The Middle Bakken oil reservoir presents a challenge for microseismic mapping. The low magnitudes of the induced microseismicity may be explained by the apparent low regional stress anisotropy in the Williston Basin and the average thickness of less than 100 feet in many productive fields. In addition, the depth of the reservoir combined with large vertical velocity/density variations within the basin fill contribute to the acoustic challenge. Small magnitude events at depth result in low signal-to-noise ratios for microseismicity generated during hydraulic fracture stimulations monitored at the surface.

The Bakken formation is naturally fractured, so it is likely that the hydraulic fracture treatment is dominated by reactivation of existing fractures, rather than creation of new fractures. Stimulation of existing fracture networks is well documented in the literature in the Barnett Shale (Gale, 2007and Cipolla et al., 2008).

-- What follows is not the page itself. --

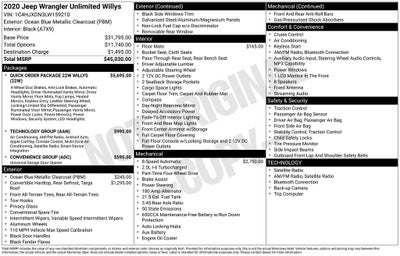 2020 Jeep Wrangler Unlimited Willys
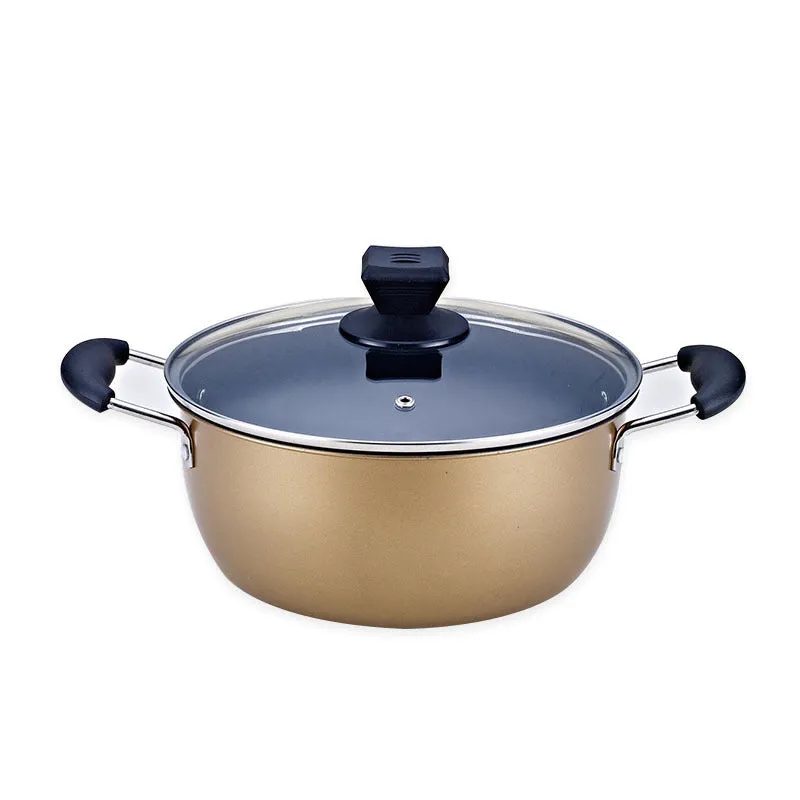 Three-piece cast iron cookware set with soup pot, milk pot and wok featuring non-stick coating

In another example, microseismic monitoring results acquired from the Marcellus Shale, in eastern USA, have significantly stronger signal to noise ratio, and microseismicity trends along both of the established fracture sets in the Appalachian Basin are apparent in the microseismic results (Figure 1).

Fig. 01
Figure 1. Microseismic events mapped in the Marcellus Shale, USA, showing event locations parallel to existing natural fractures. Two fracture orientations are reactivated, one NE striking set and a NW striking set. Grid is 150 meters.

Source mechanism analysis of hydraulic fracturing in reservoirs with strong microseismic energy shows fracturing behavior that confirms complex failure behavior along existing fracture networks in response to the pressure changes induced by the stimulation (Eisner et al., 2010 and Wessels et al., 2011). Existing fractures can dominate the induced failure behavior, so that the event pattern shows the reactivation of those features rather than hydraulic fracturing of intact rock. Figure 2 shows a result from stimulation of a gas shale in the USA where the microseismic event trends follow existing fractures. The oblique dip slip failure mechanism (indicated by the beach balls at some event locations) supports information from other data sources indicating the trends are not parallel to the maximum horizontal stress direction (Williams-Stroud et al., 2011).

Fig. 02
Figure 2. Microseismic event trends with source mechanisms at selected hypocenter locations. The maximum horizontal stress direction is NE-SW, and the trends of microseismicity indicate reactivation of existing fractures with strikes at an angle to the maximum stress direction.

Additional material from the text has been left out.